This week in the Wylde blog we’re talking heat and the city – more so, can our cities withstand the hot summers of late. We’ve all been talking about it, it’s been really warm recently – with most of the UK reaching temperatures it has never seen before. So what does the change in the climate mean for the infrastructure and functionality of the city? Architecture and urban planning is designed around the climates we are used to, not necessarily what the climate is rapidly becoming.

When a heat-dome arrives and settles over our homes, what actually happens to the built environment around us? We know it well here in the UK – as soon as the heat arrives, we head out of the concrete surroundings and out into nature – most commonly on our little island – we head to the seaside. As masses of people suddenly decide to travel, immense strains are placed on existing transportation methods. Not only are more of us using public transport, but the transportation methods themselves aren’t built to withstand extreme heat – railway tracks buckle, speed limits must be imposed, motorway tarmac literally starts to melt and aeroplanes can’t safely take off or land. All machinery has to work harder in heat, these increasingly regular heatwaves mean we need to account for malfunction or less reliable mechanisms.

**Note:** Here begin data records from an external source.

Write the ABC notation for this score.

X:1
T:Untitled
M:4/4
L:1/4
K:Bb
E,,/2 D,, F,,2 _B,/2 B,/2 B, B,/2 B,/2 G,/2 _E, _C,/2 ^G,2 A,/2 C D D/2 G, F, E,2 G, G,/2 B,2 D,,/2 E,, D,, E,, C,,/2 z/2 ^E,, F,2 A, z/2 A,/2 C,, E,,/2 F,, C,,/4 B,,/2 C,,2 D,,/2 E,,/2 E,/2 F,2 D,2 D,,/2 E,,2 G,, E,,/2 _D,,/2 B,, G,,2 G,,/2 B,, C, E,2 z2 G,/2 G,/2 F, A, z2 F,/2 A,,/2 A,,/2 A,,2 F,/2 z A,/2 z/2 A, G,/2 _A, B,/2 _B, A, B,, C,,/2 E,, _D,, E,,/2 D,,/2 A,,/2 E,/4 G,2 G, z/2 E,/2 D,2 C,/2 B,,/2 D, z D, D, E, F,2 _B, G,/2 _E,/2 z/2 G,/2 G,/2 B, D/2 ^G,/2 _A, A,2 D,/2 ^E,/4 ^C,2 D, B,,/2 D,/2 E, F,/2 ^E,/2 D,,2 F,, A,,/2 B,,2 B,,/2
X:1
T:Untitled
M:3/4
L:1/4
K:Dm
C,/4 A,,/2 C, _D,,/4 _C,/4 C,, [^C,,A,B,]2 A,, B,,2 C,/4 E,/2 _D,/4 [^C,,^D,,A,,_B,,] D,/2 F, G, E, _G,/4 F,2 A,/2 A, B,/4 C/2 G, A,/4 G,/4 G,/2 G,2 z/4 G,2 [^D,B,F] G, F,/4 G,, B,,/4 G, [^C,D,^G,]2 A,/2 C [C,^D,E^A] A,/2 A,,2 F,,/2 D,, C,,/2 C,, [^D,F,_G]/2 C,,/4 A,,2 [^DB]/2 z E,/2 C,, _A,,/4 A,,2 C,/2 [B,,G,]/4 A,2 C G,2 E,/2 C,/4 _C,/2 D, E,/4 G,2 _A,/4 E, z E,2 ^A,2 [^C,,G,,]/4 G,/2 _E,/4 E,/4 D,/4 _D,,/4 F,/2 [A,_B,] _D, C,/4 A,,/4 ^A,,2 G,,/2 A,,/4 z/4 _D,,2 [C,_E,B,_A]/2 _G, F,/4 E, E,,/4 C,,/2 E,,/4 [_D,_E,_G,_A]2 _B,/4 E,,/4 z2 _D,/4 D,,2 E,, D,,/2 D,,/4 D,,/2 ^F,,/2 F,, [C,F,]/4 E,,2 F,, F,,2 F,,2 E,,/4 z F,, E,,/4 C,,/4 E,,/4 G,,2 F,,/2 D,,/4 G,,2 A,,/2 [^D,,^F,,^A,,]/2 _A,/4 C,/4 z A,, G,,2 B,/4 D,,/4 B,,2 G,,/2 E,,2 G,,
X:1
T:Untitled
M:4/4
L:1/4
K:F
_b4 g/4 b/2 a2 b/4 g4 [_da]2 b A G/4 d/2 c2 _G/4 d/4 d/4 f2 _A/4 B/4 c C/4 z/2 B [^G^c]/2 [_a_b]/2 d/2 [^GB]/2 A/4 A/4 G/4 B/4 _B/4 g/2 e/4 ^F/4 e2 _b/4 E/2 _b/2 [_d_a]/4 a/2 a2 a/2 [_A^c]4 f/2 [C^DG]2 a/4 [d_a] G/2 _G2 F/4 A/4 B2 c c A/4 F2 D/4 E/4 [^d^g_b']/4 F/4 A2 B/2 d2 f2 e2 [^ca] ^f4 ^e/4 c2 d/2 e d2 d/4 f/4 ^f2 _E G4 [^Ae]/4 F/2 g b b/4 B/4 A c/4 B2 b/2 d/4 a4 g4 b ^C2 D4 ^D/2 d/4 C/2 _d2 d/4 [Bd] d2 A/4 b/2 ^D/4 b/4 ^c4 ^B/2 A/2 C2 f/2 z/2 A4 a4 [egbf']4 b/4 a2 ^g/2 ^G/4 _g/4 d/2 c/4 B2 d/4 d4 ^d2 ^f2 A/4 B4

In the recent weeks we have all been trying to keep cool – many of us actually gave up on the summer dream of working from home as temperatures became almost unbearable and headed back into air conditioned office spaces. The huge demand of power needed to keep all these huge workplaces cool does impact the power grid. In extreme climates there is immense strain put on power supply and water mains. There are frequent water pipe bursts in heatwaves due to excessive usage pushing old, brittle cast-iron pipes to breaking point.

We’re not a hot country, we have fairly chilly and definitely damp winters and so our housing design and architecture caters to this. We have dark, slate roofs that absorb heat in the hot weather and we also prioritise south-facing views and large windows. Now with so few months of summer and sunshine in the UK,  we’re not for a second suggesting we reduce the natural light allowed into any building, but that blinds, awnings and reflective sheeting may need to be considered as standard in future builds.

Hot temperatures aren’t a new thing, it’s just that these temperatures are reaching cities and areas that have never had them before. We can look to those who have successfully acclimatised to extremely hot summers and take note.

“People in desert nations have long adapted, finding ways to keep their lives as cool as possible way before the advent of electricity allowed them to even consider air conditioning. Cultures in the Far East have a long history of building houses on stilts, not only to protect their homes from flooding, but also to allow for a cooling mechanism from underneath.”

Whether we see an increase in low-lying buildings in decades to come, or simply property developers and architects integrating larger green spaces, external shade structures, pale roofing and courtyards into their plans more frequently. What we do know is that the designers, builders and planners for our future cities, will be building with extreme temperature in mind.